1.2        According to the terms of reference governing this inquiry into forestry managed investment schemes (MIS), the committee was to consider in particular:

Conduct of inquiry

1.3        The committee advertised the inquiry on its website calling for written submissions. It wrote directly to a range of government departments and agencies, organisations and academics drawing their attention to the inquiry and inviting them to make written submissions. The committee also invited the peak bodies for accountants, financial advisers and the forestry industry as well as other people known to be interested in forestry managed investment schemes to contribute to the inquiry.
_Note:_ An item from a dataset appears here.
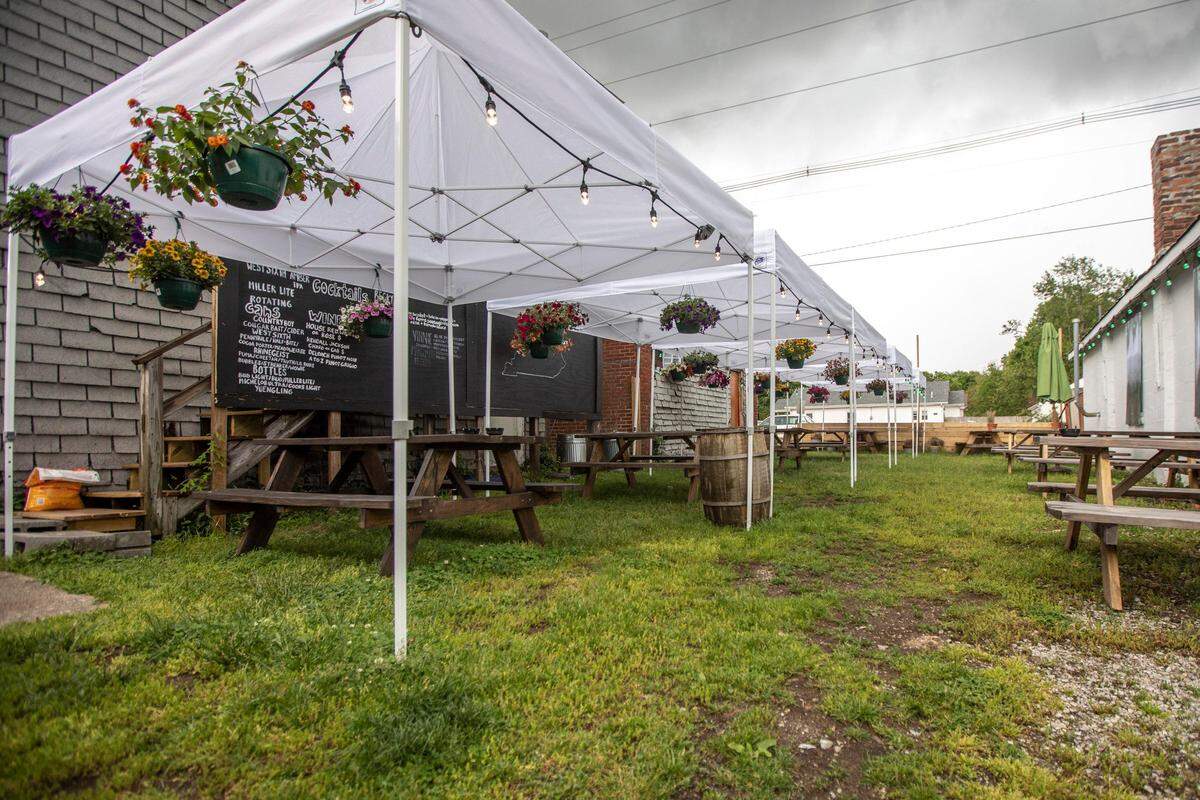 PieTana, at 210 Rosemont Garden in Lexington, Ky., will offer in-person dining at its outdoor seating options beginning Friday.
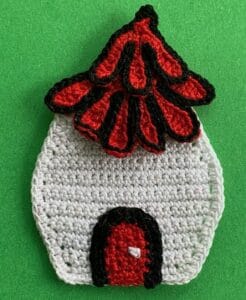 Crochet small house 2 ply house with door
1.4        Initially, the committee called for submissions to be lodged by 4 September 2014, but, following the extension of the reporting date, the committee announced it would accept submissions up to 15 December 2014.

1.5        The committee received 201 submissions, many supplementary submissions, and additional information including answers to a series of questions taken on notice by witnesses and responses to specific matters raised in submissions. These documents are listed at Appendices 1 and 2.
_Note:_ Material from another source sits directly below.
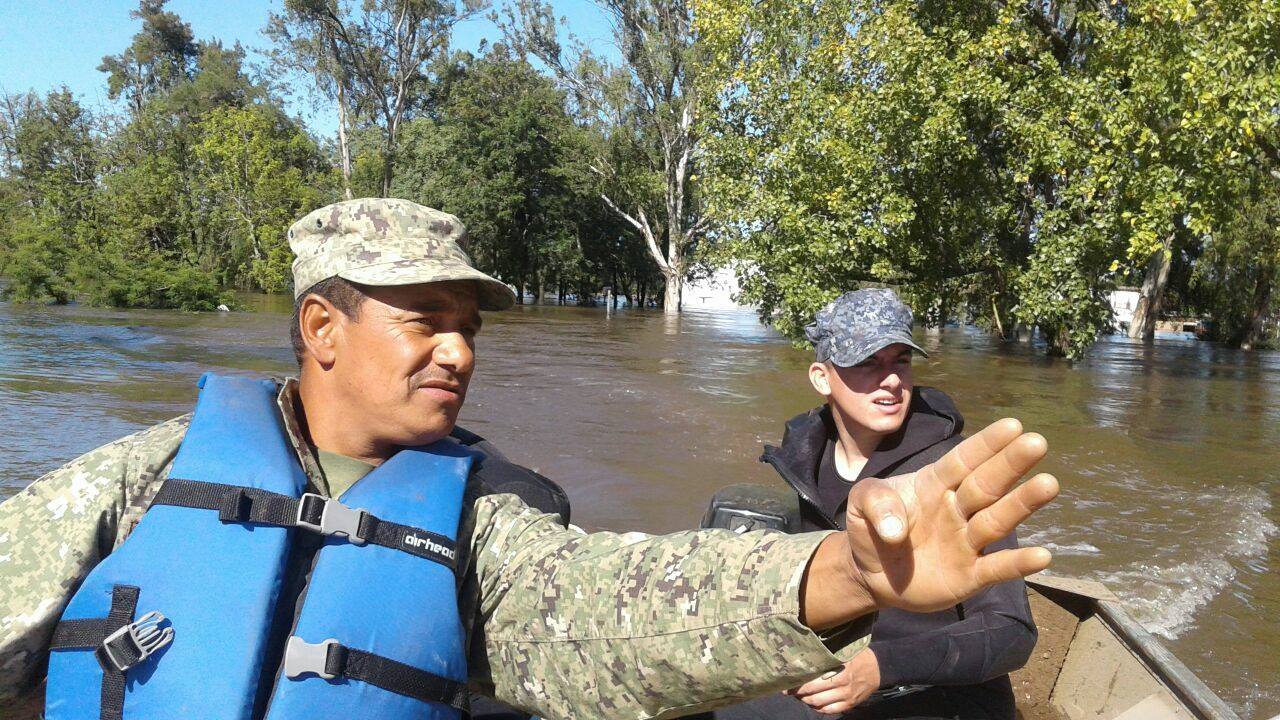 Inundaciones en Artigas: Foto: Fuerza Aérea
1.6        The committee held five public hearings: in Melbourne on 12 November 2014 and 4 and 6 August 2015, in Launceston on 5 August 2015 and in Canberra on 14 October 2015. The committee also undertook a site visit to a property at Birralee Road Westbury, near Launceston.
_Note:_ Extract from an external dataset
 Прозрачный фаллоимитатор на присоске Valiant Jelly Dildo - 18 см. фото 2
1.7        A list of the hearings and the names of witnesses who appeared before the committee is at Appendix 3.

Terms of Reference

1.8        The terms of reference for the committee's inquiry clearly specified that the committee was to inquire into the structure and development of forestry managed investment schemes. Many of the people who made submissions to the inquiry had invested in agribusiness MIS that included both forestry and horticultural schemes. Furthermore, the two major scheme operators—Timbercorp and Great Southern—were involved in ventures that covered not only forestry managed investment schemes but more broadly agricultural schemes such as olives, almonds, macadamias, stone fruit, citrus, mangoes, avocadoes and table grapes. Because of this cross-over and the similarities in complaints about the promotion and operation of these various schemes, the committee resolved that it would receive submissions that dealt with both forestry and horticultural schemes. They are known collectively as agribusiness managed investment schemes (hereafter agribusiness MIS).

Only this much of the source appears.